Shelf Life of Apples

Apples are some of the most popular fruits that you can enjoy all year round. Varieties with firm, crispy flesh and tougher peel tend to last longer than softer ones. Other than that, apples are available in numerous forms – Fresh, dried, apple sauce, apple butter or apple juice.

Commercially produced fresh apples are usually stored under controlled cold rooms. Here, they can last up to 1 year as they are being distributed to stores.

You can store fresh apples in the pantry or refrigerator. In the pantry, fresh apples can last from 1 week to 3 weeks, depending on the variety. Refrigerated ones keep well for up to 2 months.

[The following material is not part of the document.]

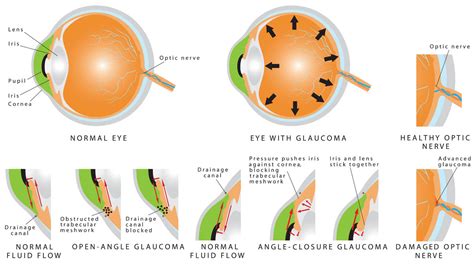 Glaucoma in Cats: Causes, Symptoms & Treatment - Cat-World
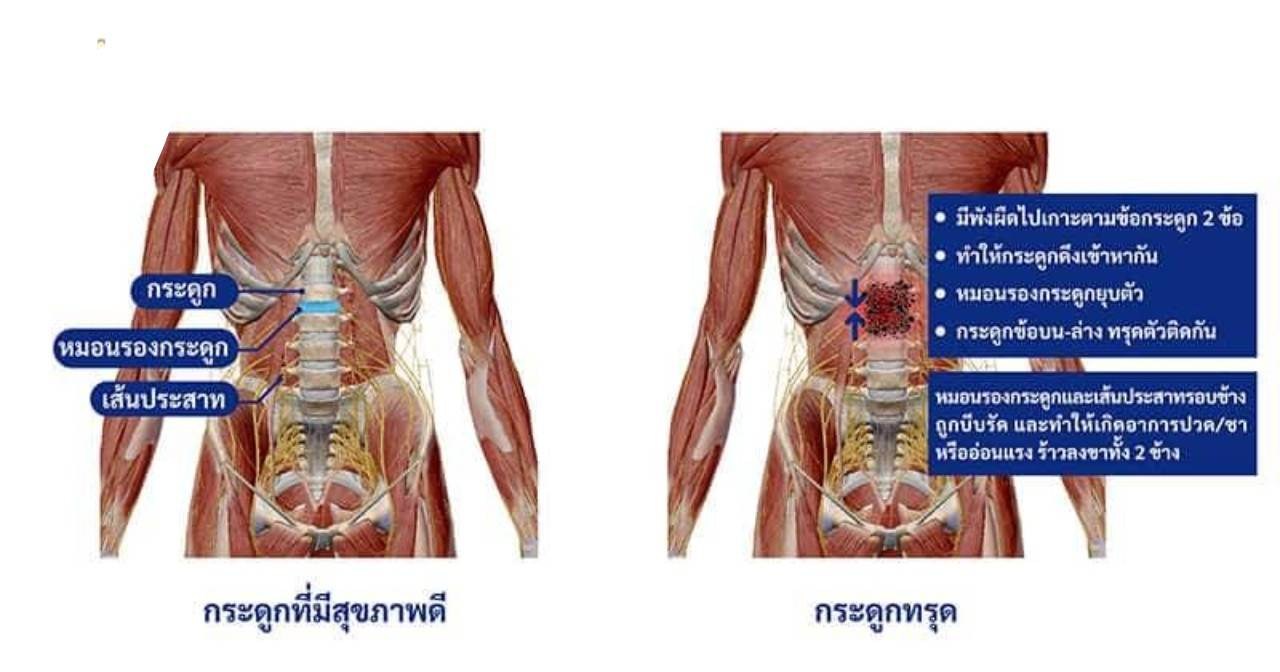 1 hrs Massage catching / นวดจับเส้น 👍นวดแก้อาการ 📌นวดจับเส้น 📌เอ็นเข้าสะบัก📌ไหล่ติด📌ปวดหลัง📌ชา📌ปวดขา📌ปวดสลักเพชร📌ท้องอืด📌ไมเกรน📌คอตกหมอน 📌หมอนรองกระดูกทับเส้นป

Apple sauce and butter have a fairly short shelf life. Therefore, refrigerate opened cans to maximize on shelf life. Unopened apple sauce lasts for 2 months and can be stored in the pantry. Opened cans should be consumed within 5 days.

Dried apple slices or chips make a wonderful snack or can be added on both sweet and savory dishes. They have a long shelf life as they lack moisture. Dried apples can last up to 1 year.

Tell-tale signs of spoilage

Be on the lookout for any of the following indicators. You can discard the apples or use in compost manure.

  • Pungent smell
  • Sunken flesh
  • Moldy growth on skin
  • Discolored skin

Apples serve us all year round. Not only are they nutritious, but fill our space with fragrant vibes. I hope these 7 popular apple types and their shelf life leave you craving for some apples.